Mengacu pada pengumuman resmi yang dikeluarkan pukul 06.30 WIB, angka tersebut tidak bergeser jika dibandingkan dengan kondisi pada Selasa, 2 Juni 2026.
Pada hari sebelumnya, nilai logam mulia ini dilaporkan mengalami penurunan yang cukup signifikan, yakni sebesar Rp 25.000 per gram.
Penyusutan nominal tersebut merubah posisi nilai jual yang awalnya berada di angka Rp 2.799.000 menjadi Rp 2.774.000.
Sistem pembaruan angka harian secara rutin baru akan berjalan pada pukul 08.30 WIB.
Oleh karena itu, patokan nilai yang berlaku pada pagi hari ini masih berpatokan pada keputusan dari hasil pembaruan yang terakhir.
Komoditas investasi ini disediakan dalam berbagai ukuran berat untuk memberikan kemudahan bagi masyarakat yang ingin berinvestasi.
Pilihan ukuran yang dapat dibeli dimulai dari yang paling kecil yaitu 0,5 gram sampai yang paling besar yakni 1.000 gram atau 1 kilogram.
Berikut adalah daftar lengkap rincian nilai jual logam mulia tersebut untuk masing-masing ukuran berdasarkan data pukul 06.30 WIB:
0,5 gram: Rp 1.437.000 (dari Rp 1.449.500)
1 gram: Rp 2.774.000 (dari Rp 2.799.000)
2 gram: Rp 5.488.000 (dari Rp 5.538.000)
3 gram: Rp 8.207.000 (dari Rp 8.282.000)
5 gram: Rp 13.645.000 (dari Rp 13.770.000)
10 gram: Rp 27.235.000 (dari Rp 27.485.000)
25 gram: Rp 67.962.000 (dari Rp 68.587.000)
50 gram: Rp 135.845.000 (dari Rp 137.095.000)
100 gram: Rp 271.612.000 (dari Rp 274.112.000)
250 gram: Rp 678.765.000 (dari Rp 685.015.000)
500 gram: Rp 1.357.320.000 (dari Rp 1.369.820.000)
1.000 gram (1 kg): Rp 2.714.600.000 (dari Rp 2.739.600.000)
Mengenai regulasi fiskal, tiap kegiatan penyerahan barang baik dalam bentuk transaksi beli baru maupun penjualan kembali memiliki ketentuan perpajakan tersendiri yang mengikat.
Sesuai dengan ketentuan Peraturan Menteri Keuangan (PMK) Nomor 34/PMK.10/2017, aspek perpajakan yang dibebankan kepada konsumen diatur sebagai berikut:
Pajak pembelian emas (PPh 22)
0,45 persen untuk pembeli yang memiliki NPWP
0,9 persen untuk pembeli tanpa NPWP
Masyarakat yang melakukan pembelian nantinya akan memperoleh dokumen bukti pemotongan PPh 22 untuk dipergunakan dalam pelaporan pajak berkala.
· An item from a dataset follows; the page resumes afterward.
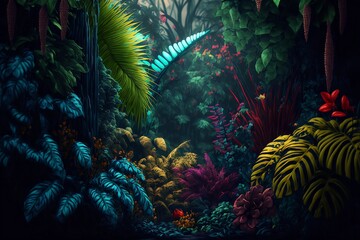 Naklejka na ściany i meble Jungle Nature Tropical Wallpaper Generative AI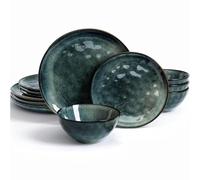 Richmount Ocean 12 Piece Dinner Set, Stoneware 3D Wave Relief Irregularly Shaped Plates and Bowls Set, Reactive Glaze Dinnerware Sets for 4, Dishwasher & Microwave Safe, Stylish & Durable, Dark Green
Sementara itu, untuk aktivitas penjualan kembali atau buyback menuju perusahaan bersangkutan dengan nominal di atas Rp 10 juta, ketentuan tarifnya meliputi:
1,5 persen bagi pemilik NPWP
3 persen bagi non-NPWP
Beban pungutan pajak dari aktivitas penjualan kembali ini nantinya akan langsung memotong nilai dana bersih yang diterima oleh pemilik modal.